TestPAC
- Formation: 2012
- Headquarters: Phoenix, AZ
- Treasurer: Mitch Manzella
- Website: http://www.testpac.org

= TestPAC =

Political action committee

TestPAC (formerly known as "TestPAC, Please Ignore") is a crowdfunded, non-connected political action committee in the United States. Its Chairman is Jeromie Whalen. It is best known for its 2012 campaign to defeat incumbent U.S. Representative Lamar Smith (R-TX) in response to the Congressman's introduction of the Stop Online Piracy Act and H.R.1981

==History==
TestPAC was registered with the Federal Election Commission on January 31, 2012. TestPAC started when several members of the Reddit community initiated a netroots boycott of GoDaddy.com and "Operation Pull Ryan", where Reddit members helped Paul Ryan's opponent, Rob Zerban raise $15,000 in 48 hours.

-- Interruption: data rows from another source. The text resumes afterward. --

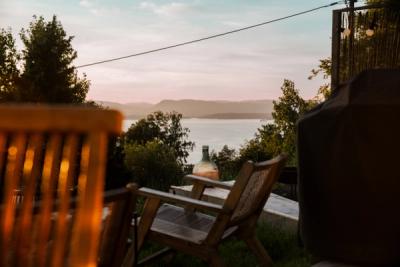 Solnedgang over Oslofjorden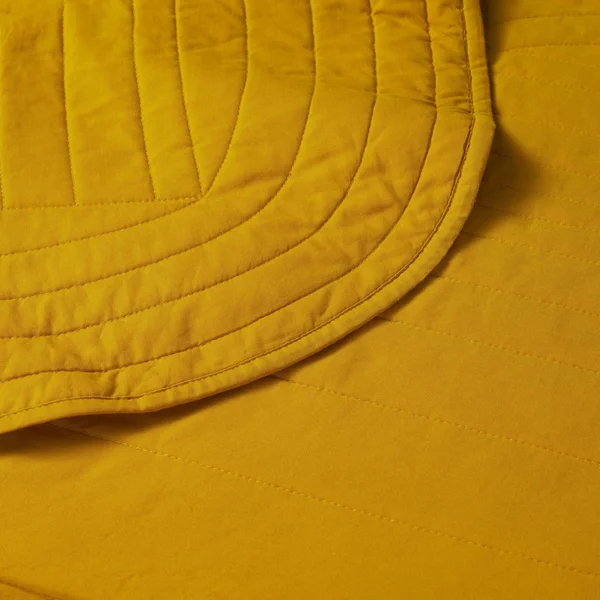 Twin/Twin Extra Long Scalloped Edge Quilt Gold - Opalhouse Designed with Jungalow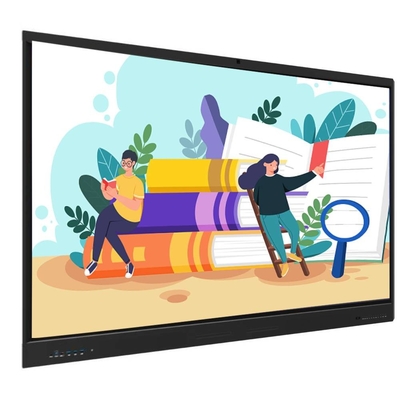 Affichage interactif à écran plat à effacer à sec avec durée de vie 5000HRS et efficacité 65 75 86 pouces tableau tactile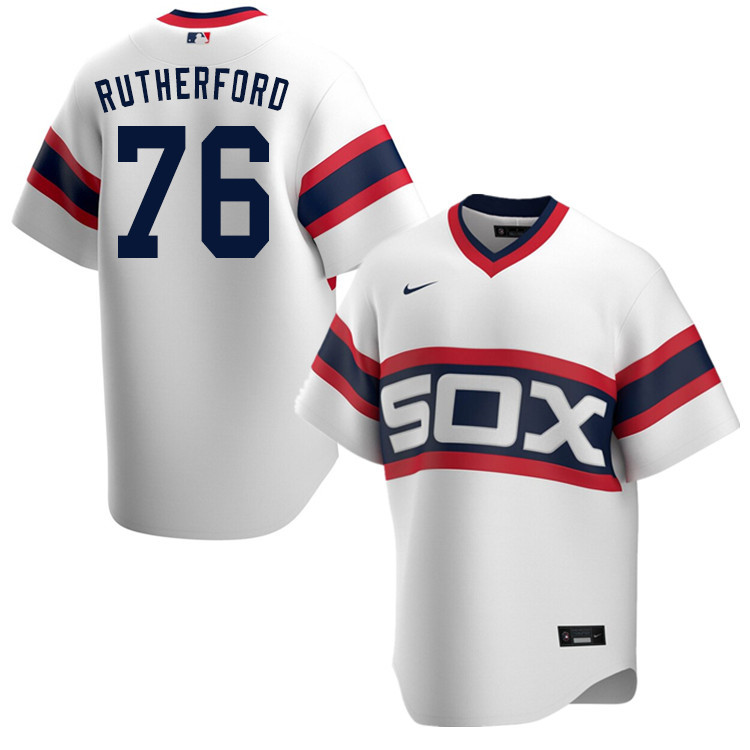 Nike Men #76 Blake Rutherford Chicago White Sox Baseball Jerseys Sale-White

When Ryan eventually came out in opposition of SOPA, activists Andy Posterick and Jeromie Whalen formed a political action committee for potential future campaigns.

TestPAC was originally registered as "TestPAC, Please Ignore." The name is a play on an inside joke on Reddit; the site's most popular post ever was titled "Test Post, Please Ignore."

==Overview==
TestPAC crowdsources its mission, goals and campaigns from its member-base on the PAC's discussion forum on Reddit. Although most decisions are made among PAC members, major decisions are put to an official vote on the PAC's website. So far, the organization has held two official votes: one asking members whether to campaign against Lamar Smith and one to decide on a concept for a billboard advertisement.

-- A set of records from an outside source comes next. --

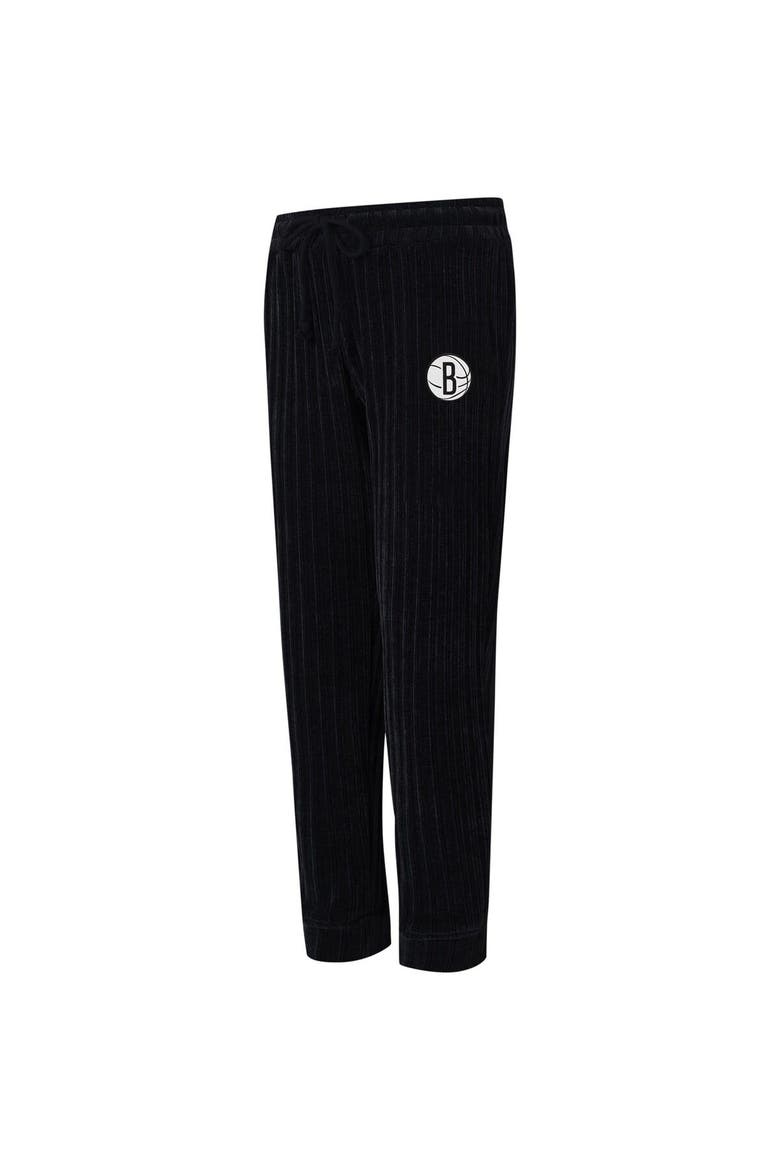 Women's College Concepts Black Brooklyn Nets Linger Pants, Main, color, Black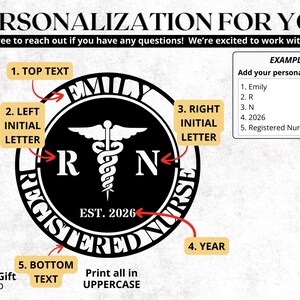 Custom Nurse Sign Decor Nurse Metal Art Nurse Metal Wall Art Nurse Gift Nurse Decor for Office RN Gift Ideas LPN Gifts for Nurse Decor Wall imagem 3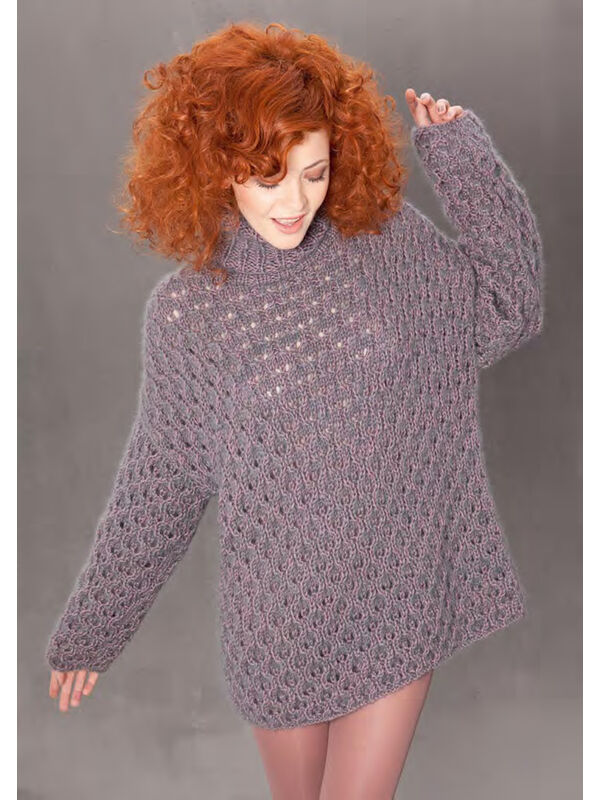 Lana Grossa TRUI IN AJOURPATROON Bingo/Silkhair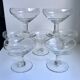 Set of 7 crystal champagne glasses 50s-60s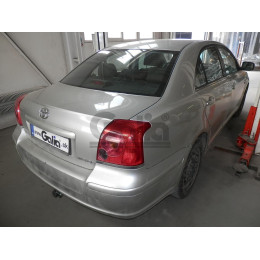 T066A GALIA Полностью оцинкованный фаркоп на Toyota Avensis седан/лифтбек 2003-2009. Тип шара: A. Невидимый вырез бампера. Нагрузки: 1600/75 кг, масса фаркопа 13,62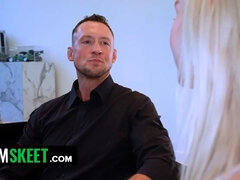 Kinderhüterin, Betrug, Schmuddelige sprache, Aufs gesicht abspritzen, Hd, Ehemann, Monster, Natürlichen titten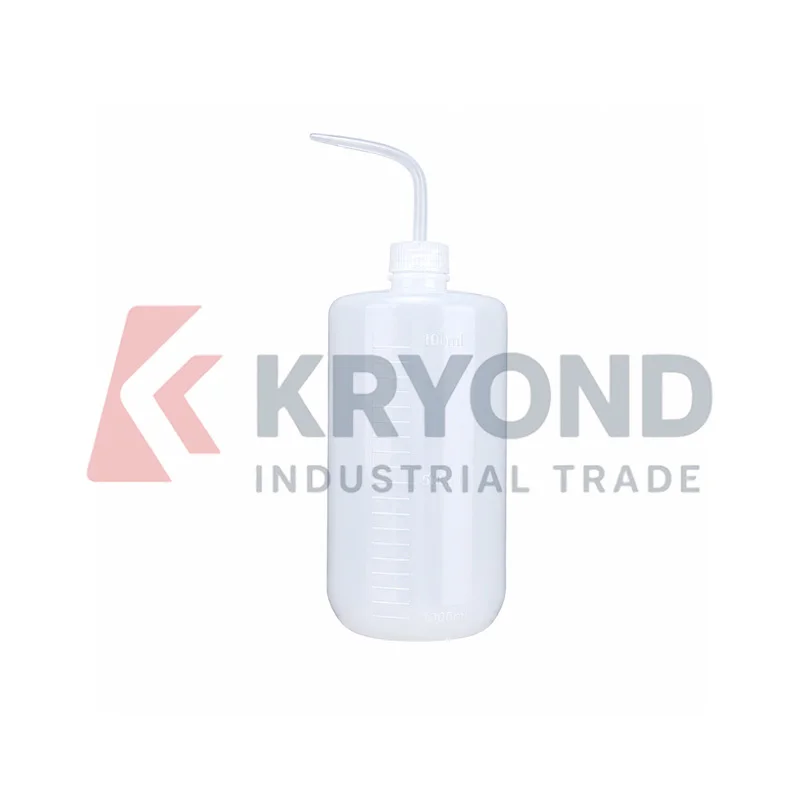 Plastic Wash Bottle Bent Nozzle 250mL 500mL 1000mL Laboratory Squeeze Bottle Rinsing Container Research Series Model Application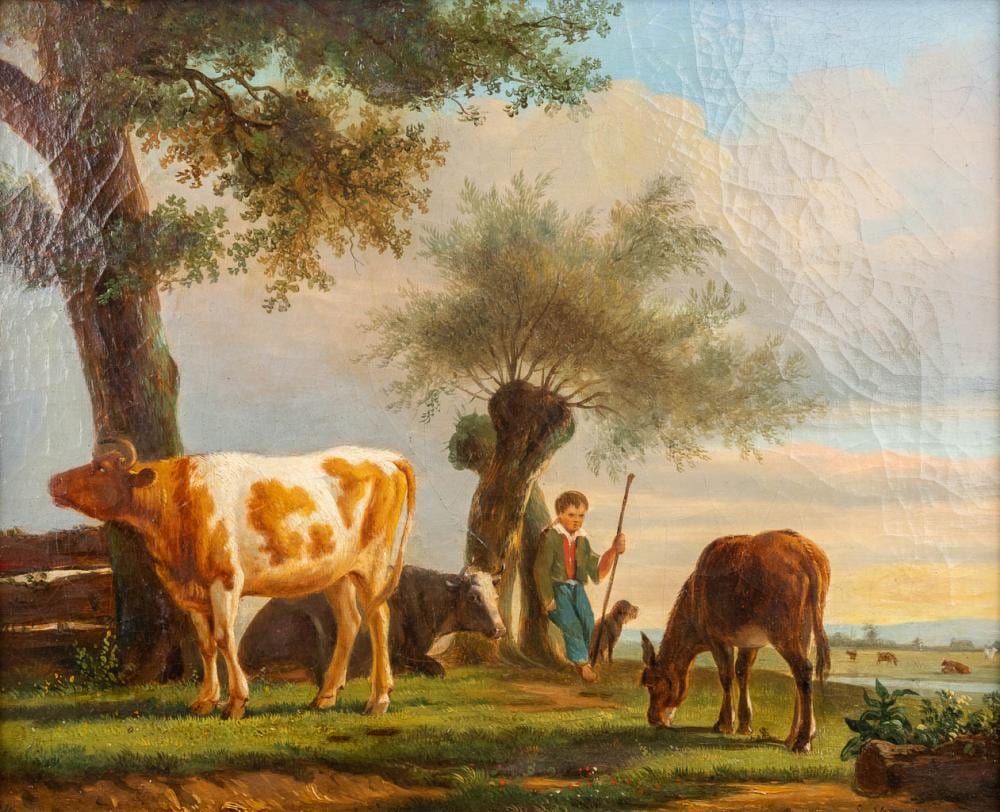 louis pierre verw e 1807 1877 landscape with cows oil on panel w 45 x h 37 cm · Flanders Auctions · 2022-09-21 Louis Pierre Verwée comparable auction result: louis pierre verw e 1807 1877 landscape with cows oil on panel w 45 x h 37 cm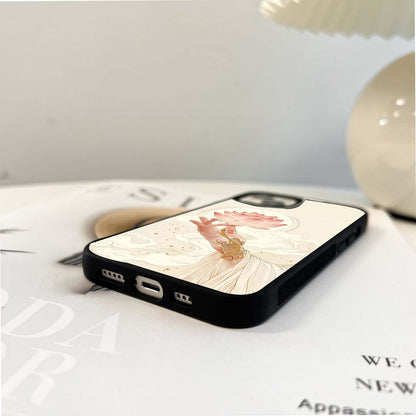 Serene Lotus Touch Glass Case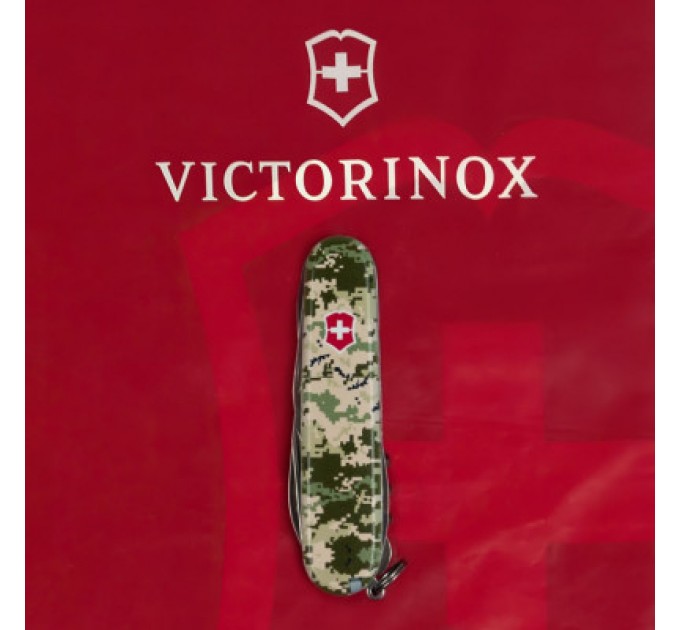 Ніж Victorinox Huntsman Army 91 мм Піксель + Лого (1.3713.3_W3941p)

TestPAC primarily relies on crowdfunding as a means of fundraising and solicits donations on social media websites such as Facebook, Twitter, and Reddit.

==Campaigns==
In February 2012, TestPAC members voted between removing 13-term incumbent Lamar Smith from office or campaign finance reform as the PAC's first target issue. With 63% of the vote, members elected to start a campaign against Smith. The campaign was officially titled "Mr. Smith Comes Back From Washington".
TestPAC chose the campaign primarily because of Smith's support of the controversial Stop Online Piracy Act and his introduction of H.R. 1981. Its strategy was to encourage registered Republicans and Democrats to vote against Smith in the 29 May 2012 semi-open Republican primary. On 4 April 2012, TestPAC released its first television commercial.
Federal Election Commission records show that TEST PAC (committee ID C00511055) made $18,737.22 in independent expenditures in 2012. In the 29 May 2012 Republican primary for Texas's 21st congressional district, Smith won 52,383 votes (76.64%), ahead of Richard Mack with 10,104 votes (14.78%) and Richard Morgan with 5,866 votes (8.58%).
The committee is now listed by the Federal Election Commission as an administratively terminated, nonqualified, unauthorised PAC.

==Leadership==

Test PAC's leadership structure is volunteer-based and open to anyone. The PAC lists several officers on its website who organize operational elements of the PAC's campaigns and manage day-to-day operations of the organization. According to the Federal Election Commission, Andrew J Posterick is registered as the PAC Treasurer.